Carpels of Paeonia mascula.






Carpels of Paeonia tomentosa.






Carpels of Paeonia ruprechtiana.

Sunday, July 16, 2006

An Ornamental Clover - Trifolium rubens

Large showy flower heads in mid summer make this a valuable perennial in colder climates, as it is hardy to USDA zone 3. Common names for this plant are Red Feathers or Red Feather Ornamental Clover, an apt name. Hight 1-2 feet.

It's native to central Europe from northern Spain through to Romania and central Russia; it tends to grow in dry open woods and scrub, but in the garden is best in full sun.

Monday, July 10, 2006

Last Peony of the Year

At last today a bud has opened on my shyest seedling. Not quite fully open yet but enough to see that it is a white double.

There are some additional buds yet to open on several other plants, but essentially the Peony season is over here -- until the seed pods start opening. 14 May to 11 July plus a few days: a nice long peony season.

This weblog will continue to meander along for the rest of the summer but with a lesser update frequency than during the height of the peony season. But discerning readers will already have figured that out over the last few days!

Wednesday, July 05, 2006

That Elusive Holy Grail- Blue Poppies

The Himalayan Poppy, a common name encompassing Mecanopsis betonicifolia and Mecanopsis grandis and their hybrids and maybe a few other species... Depending on where you live on this great world, they may be easy for you to grow. In Nova Scotia they are one of those frustrating things that grows well in the odd place but not at all just across the property line.

For years I would diligently acquire seed of the above 2 species and try to start some. Most years the seed germinated and then expired through a bout of cold or hot weather, or sun or cloud, at just the wrong time. If all the stars were in proper alignment and everything was good with them my mind would wander and they would dry out the day before I brought the water to them... The few that made it to a spot in the ground in my great outdoors would be eaten by night critters.

Then, 2 years ago I was given a few small plants and some useful advise which has resulted in flowers last year and this! The trick was, a moist partly shaded location, but not wet; and I had just managed to create one by dumping dead pots of sand/compost mix in a mounded heap over a boggy part of the yard. And then the real advice: weak soluble fertilizer applied every week during the first summer, to encourage the poppies to grow offsets from the single crown of the initial plants. The idea (working so far) is that the oldest crowns will flower and probably die in any given summer and then the secondary crowns will survive into the following year-- and so on.

Sunday, July 02, 2006

Rhododendron x fortunei "Cadis"


This is my latest Rhodo to begin to flower each year, and usually is not near as good a show as this year.
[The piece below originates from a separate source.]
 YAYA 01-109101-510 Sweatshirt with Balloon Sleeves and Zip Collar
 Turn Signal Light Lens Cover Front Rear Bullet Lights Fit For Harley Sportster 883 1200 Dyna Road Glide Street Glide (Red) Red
It's a marginal plant in my zone and often has a lot of winter-killed buds, but I find it worth growing because the species R fortunei is a tree rather than a shrub, and because it is one of the few Rhodos with fragrant flowers which is at all hardy enough for my region. And what a great fragrance, too.

Photo from 26 June, when this plant was in peak bloom. It's still loaded with blossoms today.

Saturday, July 01, 2006

Temperature affecting colour


The first photo is of a flower of Paeonia lactiflora which opened on a hot sunny day (well, we did have 4 sunny days in June!!). Second photo is a second flower of the same plant, but one which opened on a cooler cloudy day. (It's more pink, in case your monitor colour is off.)

For those wondering which cultivar this is, it's name is PSMT0629. That is, it is one of my unregistered seedlings. I think I'll keep it.